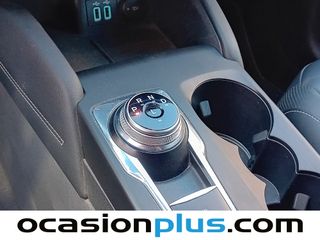 Ford Kuga 2.5 Duratec FHEV Vignale 4x4 Auto 140 kW (190 CV)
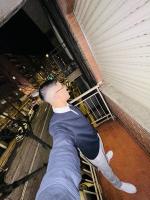 631961425: Chico busca chica en Madrid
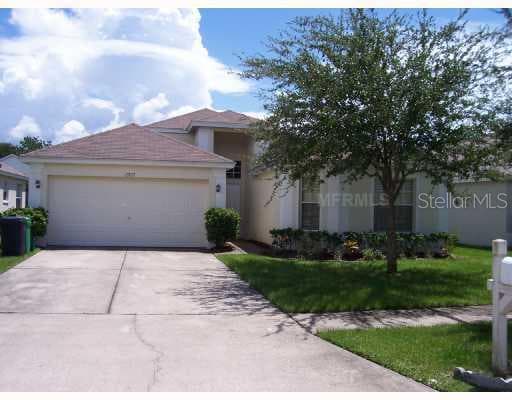 13527 WHITE ELK tampa, FL 33626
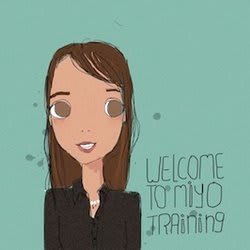 miyotraining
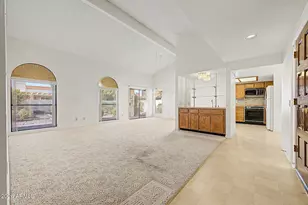 10526 E Bellflower Dr, Sun Lakes, AZ 85248 - Photo 3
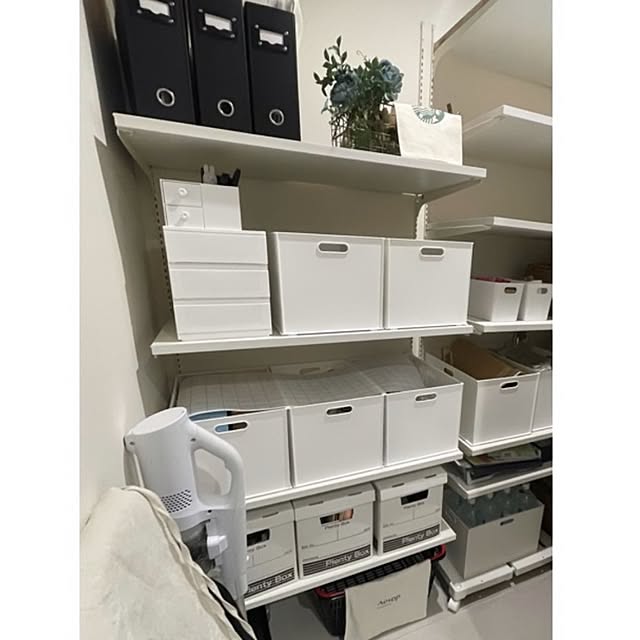 chanchan.さんの実例写真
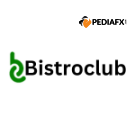 Bistroklub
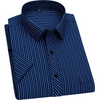 Haven – Breathable Men’s Shirt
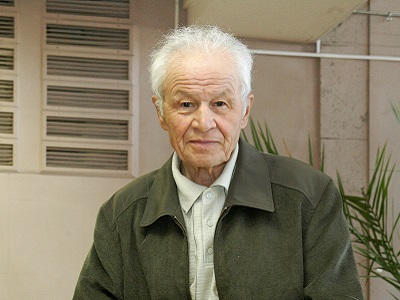 Yurij Smorodnikov.jpg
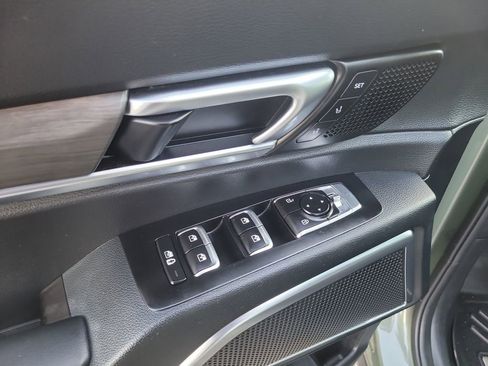 Used 2024 Kia Telluride SX X-Line AWD/4WD image 17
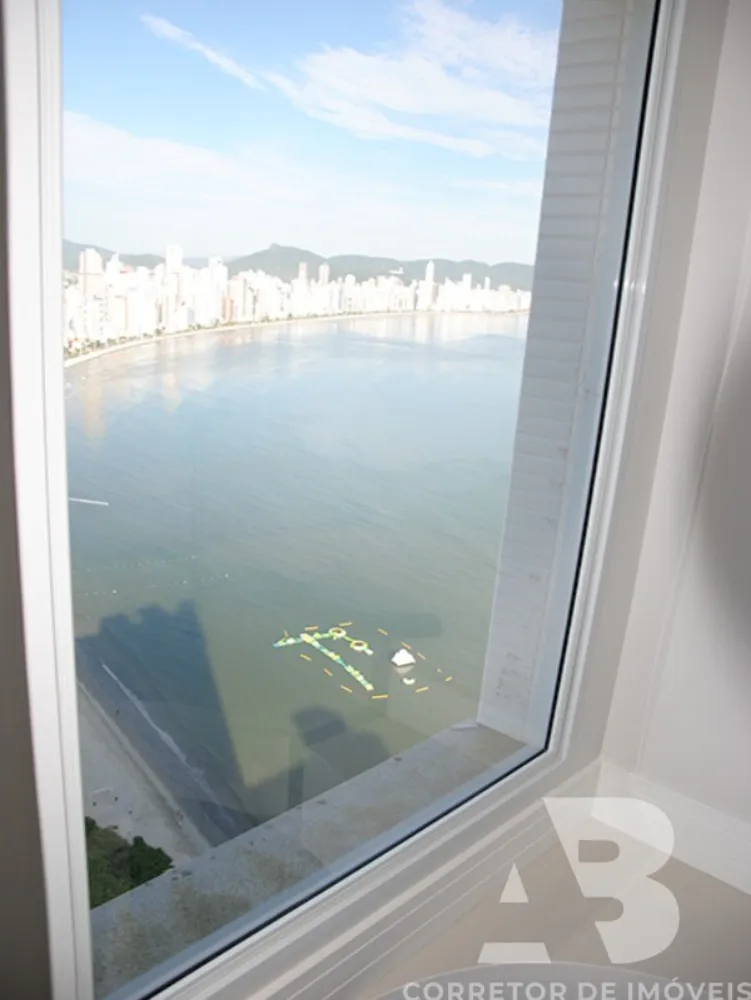 Cobertura, 6 quartos, 490 m² - Foto 9
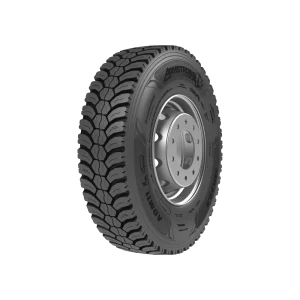 ARMSTRONG 13 R22.5/18 156/150K M+S 3PMSF ADM11 TL(T)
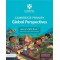 CAMBRIDGE PRIMARY GLOBAL PERSPECTIVES LEARNER'S SKILLS BOOK 1 WITH DIGITAL ACCESS (1 YEAR) 2E (ISBN: 9781009354158)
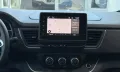 Nissan Primastar L2H1 Tekna Navi KAM LED ACC 9-Sitzer
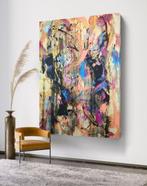 Noldin Jana - Abstract n.952 - XXL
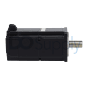 Yaskawa Sigma 5 SGMJV-02ADA2C - Image 7 of 10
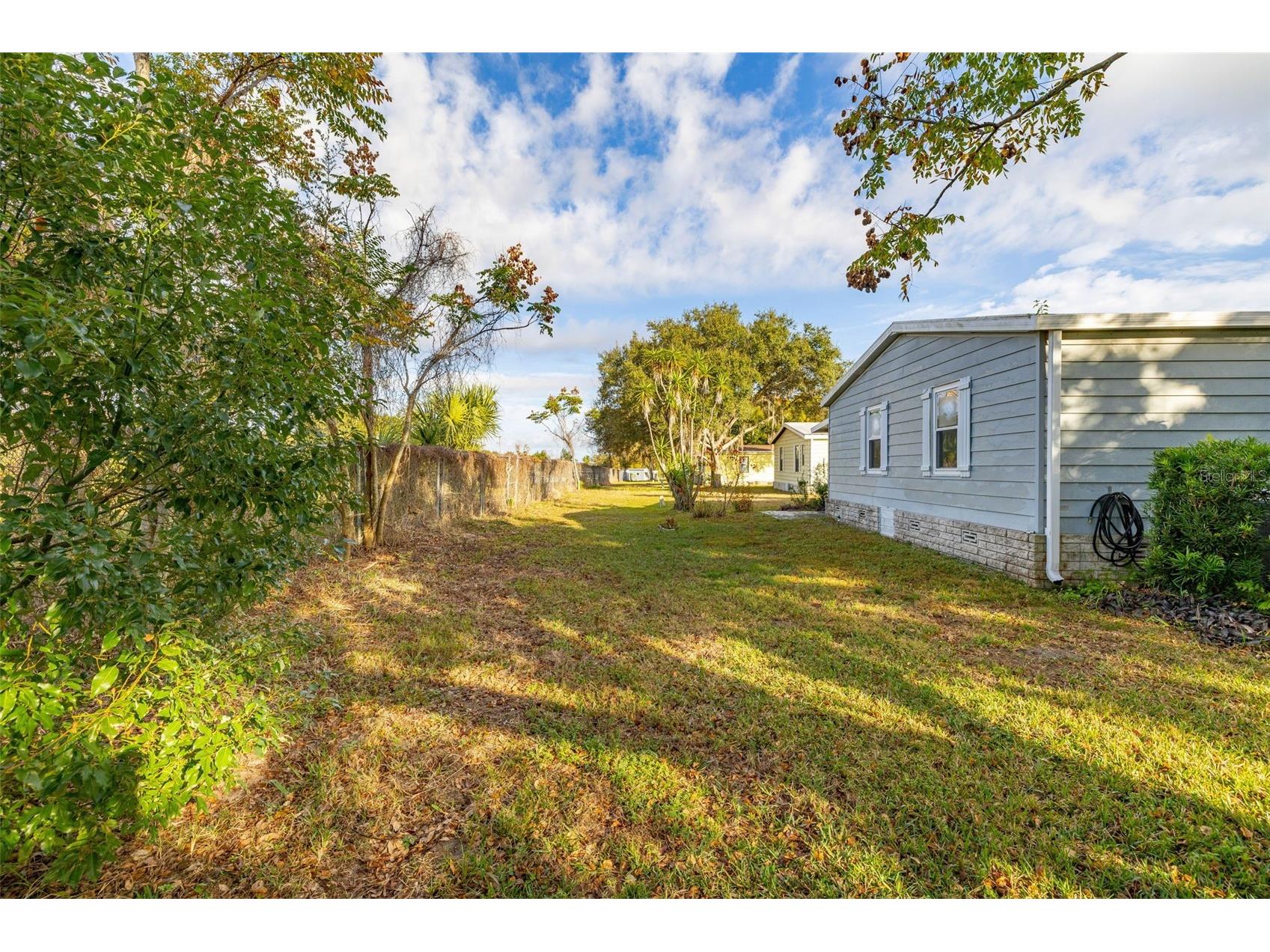 2118 Canopy Circle Zellwood FL 32798 - COHEN AND GRASSMERE O6367458 image42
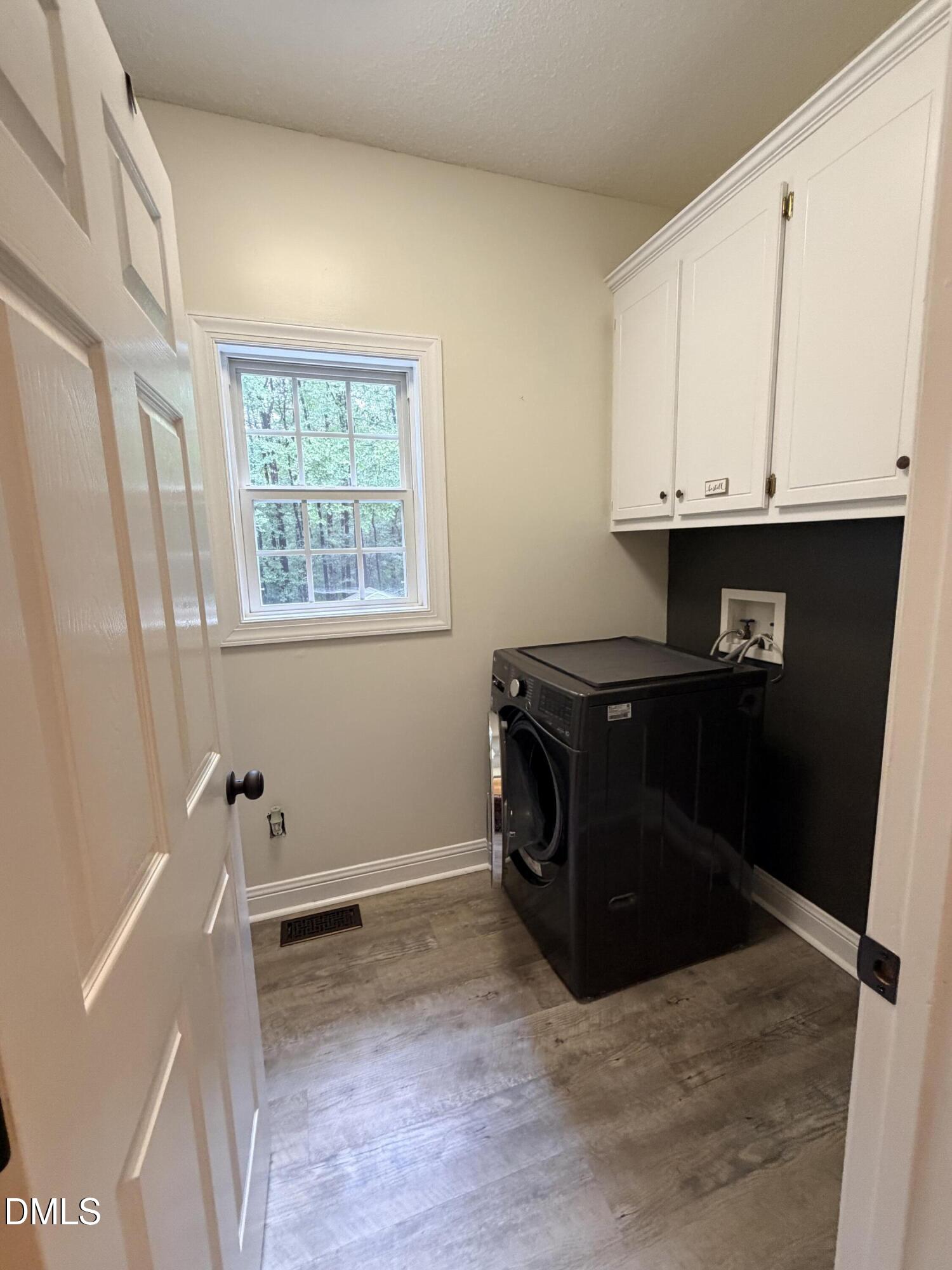 Exterior photo of 1702 Timberlane Drive, Nashville, NC 27856. MLS: 10194280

———

| Work required |
Above are records to transcribe exactly; leave their pictures out.

| Solution to the problem |
 Ford Kuga 2.5 Duratec FHEV Vignale 4x4 Auto 140 kW (190 CV)
 631961425: Chico busca chica en Madrid
 13527 WHITE ELK tampa, FL 33626
 miyotraining
 10526 E Bellflower Dr, Sun Lakes, AZ 85248 - Photo 3
 chanchan.さんの実例写真
 Bistroklub
 Haven – Breathable Men’s Shirt
 Yurij Smorodnikov.jpg
 Used 2024 Kia Telluride SX X-Line AWD/4WD image 17
 Cobertura, 6 quartos, 490 m² - Foto 9
 ARMSTRONG 13 R22.5/18 156/150K M+S 3PMSF ADM11 TL(T)
 CAMBRIDGE PRIMARY GLOBAL PERSPECTIVES LEARNER'S SKILLS BOOK 1 WITH DIGITAL ACCESS (1 YEAR) 2E (ISBN: 9781009354158)
 Nissan Primastar L2H1 Tekna Navi KAM LED ACC 9-Sitzer
 Noldin Jana - Abstract n.952 - XXL
 Yaskawa Sigma 5 SGMJV-02ADA2C - Image 7 of 10
 2118 Canopy Circle Zellwood FL 32798 - COHEN AND GRASSMERE O6367458 image42
 Exterior photo of 1702 Timberlane Drive, Nashville, NC 27856. MLS: 10194280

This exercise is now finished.